Le plateau néo-écossais, il y a 10 000 ans, était en grande partie émergé, un archipel qui a disparu après la fonte des glaciers. Les examens des données récentes offrent plus de détails précis sur les reliefs de l’océan, dont la présence de ravines, de dunes et des évidences d’avalanches sous-marines passées.
On y a découvert de même des trésors du passé comme des chenaux ensevelis, des amas de débris rocheux et les traces des effets de l’érosion par les nappes glaciaires sur les paysages, ce qui permet de reconstituer l’histoire des océans.
L’un des outils utilisés lors des missions est un extracteur de carottes de sédiments, de longs échantillons tubulaires et verticaux, afin d’analyser les couches sédimentaires qui sont déposées à travers le temps.
Le processus est «excessivement cher», informe Alexandre Normandeau, et prend «énormément de temps», ce qui peut expliquer le retard.

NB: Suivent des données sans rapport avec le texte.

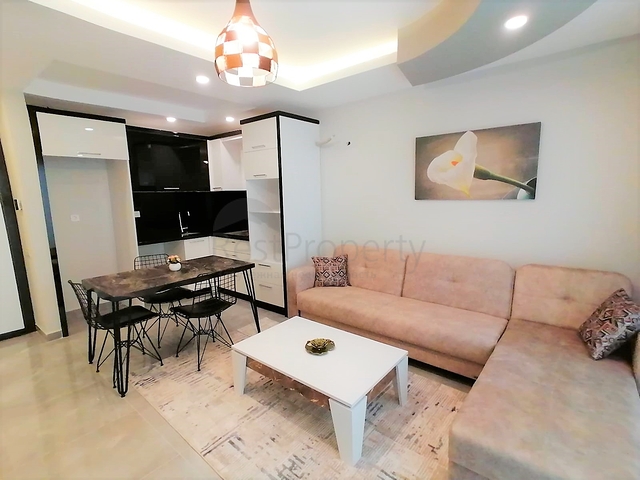 Меблированная квартира с одной спальней в Махмутларе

Il faut passer à travers chaque bande de territoire comme une tondeuse à gazon : une ligne à la fois, l’une à côté de l’autre.
Un autre problème, selon lui, c’est une mentalité qui persiste. Plusieurs ont tendance à ne pas porter attention à ce qui se passe dans l’océan. «On ignore un peu ce qui est là. On se dit, ah ben, ce qui est sous l’eau, c’est inerte, ça bouge pas, alors que c’est pas vrai. Ça bouge énormément», conclut M. Normandeau.